I know there is more to come. On our end we will maintain a consistent interface to Fitbit devices and we at Fitabase are committed to support for Fitbit, and keeping our platform de-identified, secure, and accessible to our research customers who depend on us for IRB compliance.

A couple notable quotes from the announcement I think are important to repeat:

“Consumer trust is paramount to Fitbit. Strong privacy and security guidelines have been part of Fitbit’s DNA since day one, and this will not change. Fitbit will continue to put users in control of their data and will remain transparent about the data it collects and why. The company never sells personal information, and Fitbit health and wellness data will not be used for Google ads.”

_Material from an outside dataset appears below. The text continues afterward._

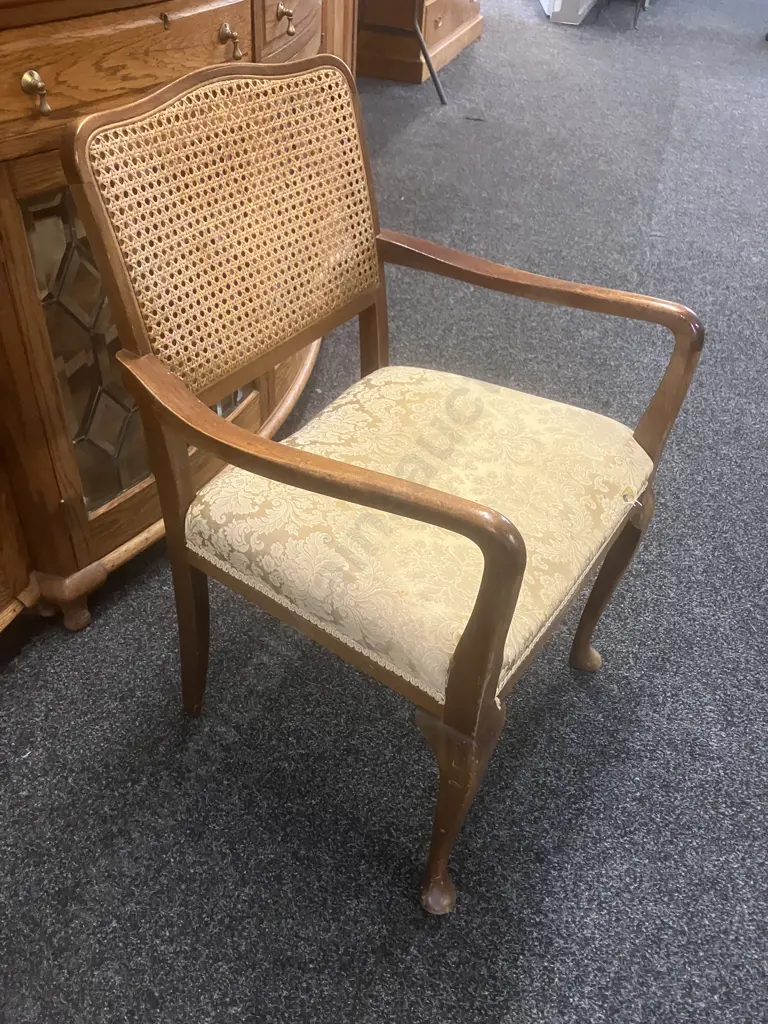 Vintage Rattan Backed Bedroom Chair (AF) Image 1++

And from James Park, Fitbit CEO:

“Google is an ideal partner to advance our mission. With Google’s resources and global platform, Fitbit will be able to accelerate innovation in the wearables category, scale faster, and make health even more accessible to everyone. I could not be more excited for what lies ahead.”

We’ve seen such interesting and important research done using Fitbit devices and Fitabase. All of that leverages strong and clearly delineated privacy policies and procedures, while also giving study participants best-in-class devices. I am extremely optimistic that this mission will continue under Google. In fact, I am looking forward to the accelerated pace of R&D that Fitbit’s team can now achieve under the Google umbrella while utilizing their expertise in data systems, engineering, and thoughtful user experience.

While big news travels fast, don’t expect much to change in the short term. The deal itself is expected to be finalized some time in 2020, and the timeline for fully integrating the two companies is likely quite a long one. 

No matter what the process looks like, Fitabase will be here to support existing studies and help kick off new ones powered by the current and exciting technology we know is on the horizon.